╭──

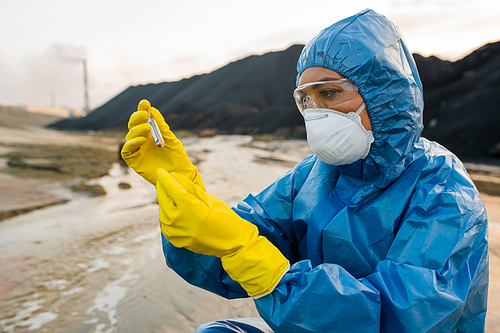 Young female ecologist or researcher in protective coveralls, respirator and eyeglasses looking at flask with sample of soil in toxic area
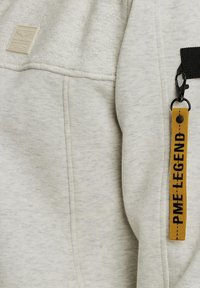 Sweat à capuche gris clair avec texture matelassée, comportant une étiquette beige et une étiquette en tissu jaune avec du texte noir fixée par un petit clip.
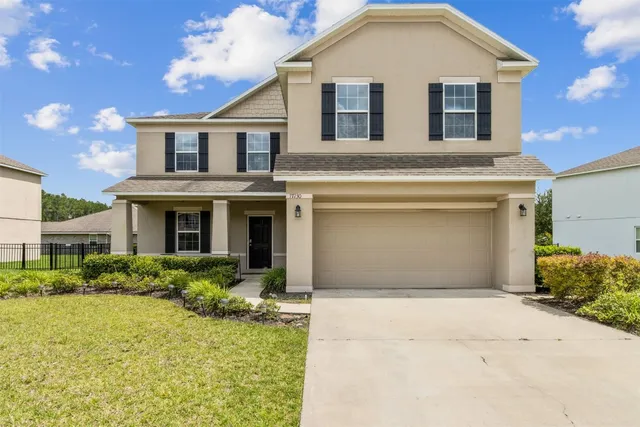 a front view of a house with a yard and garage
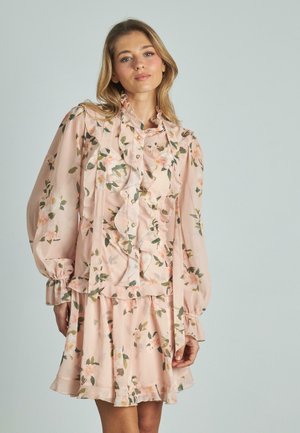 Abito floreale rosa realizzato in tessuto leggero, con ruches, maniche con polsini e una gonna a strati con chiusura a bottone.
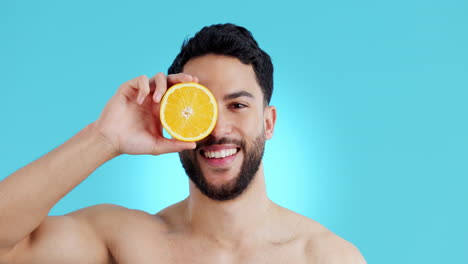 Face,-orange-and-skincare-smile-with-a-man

╰──
╭──

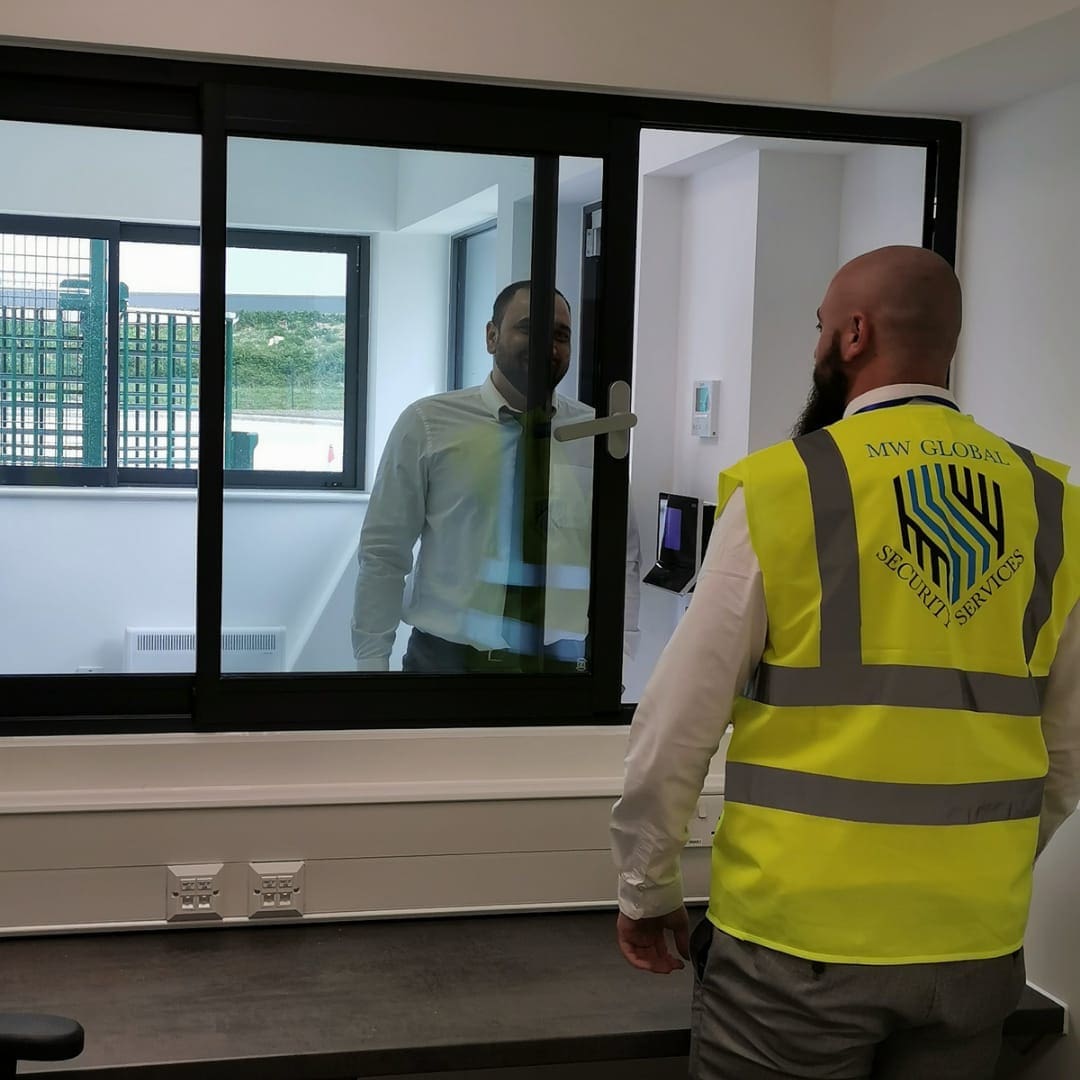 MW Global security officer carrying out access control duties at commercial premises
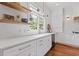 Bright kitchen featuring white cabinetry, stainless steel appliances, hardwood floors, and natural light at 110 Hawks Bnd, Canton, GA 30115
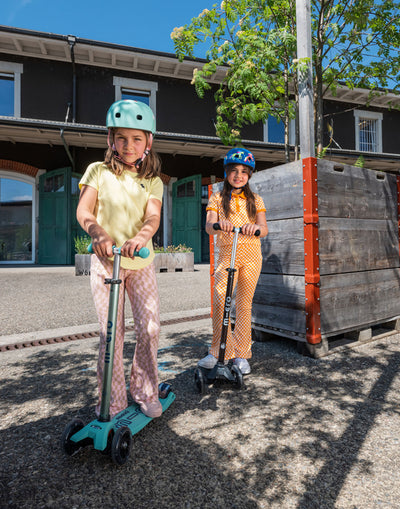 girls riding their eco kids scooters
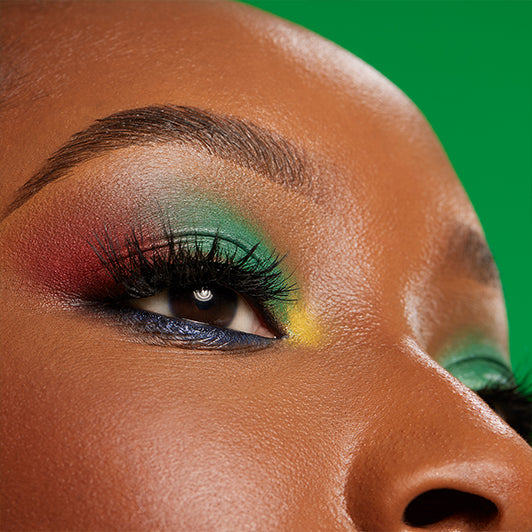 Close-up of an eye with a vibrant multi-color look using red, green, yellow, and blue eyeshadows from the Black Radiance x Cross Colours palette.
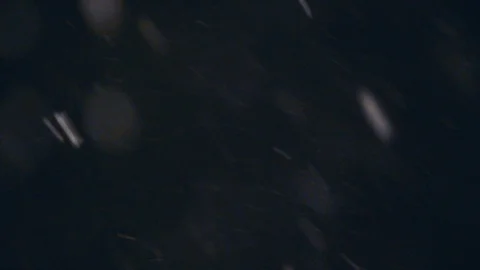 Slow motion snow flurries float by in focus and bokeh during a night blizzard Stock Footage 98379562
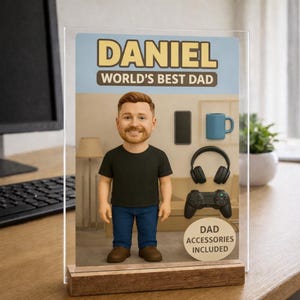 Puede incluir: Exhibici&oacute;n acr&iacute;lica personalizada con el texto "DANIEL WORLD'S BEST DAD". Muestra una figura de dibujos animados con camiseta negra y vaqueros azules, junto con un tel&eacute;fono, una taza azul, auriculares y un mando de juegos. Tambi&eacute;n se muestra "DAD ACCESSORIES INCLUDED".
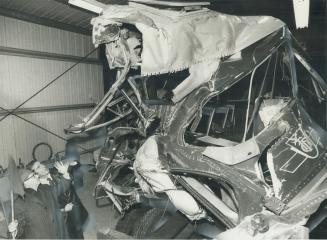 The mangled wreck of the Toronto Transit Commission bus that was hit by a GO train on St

╰──

Reproduce word for word, with pictures dropped, only the part of the material above that opens with the line containing "Young female ecologist" and closes with the line containing "Face,-orange-and-skincare-smile-with-a-man".

- **SOLUTION TO THE PROBLEM**:
 Young female ecologist or researcher in protective coveralls, respirator and eyeglasses looking at flask with sample of soil in toxic area
 Sweat à capuche gris clair avec texture matelassée, comportant une étiquette beige et une étiquette en tissu jaune avec du texte noir fixée par un petit clip.
 a front view of a house with a yard and garage
 Abito floreale rosa realizzato in tessuto leggero, con ruches, maniche con polsini e una gonna a strati con chiusura a bottone.
 Face,-orange-and-skincare-smile-with-a-man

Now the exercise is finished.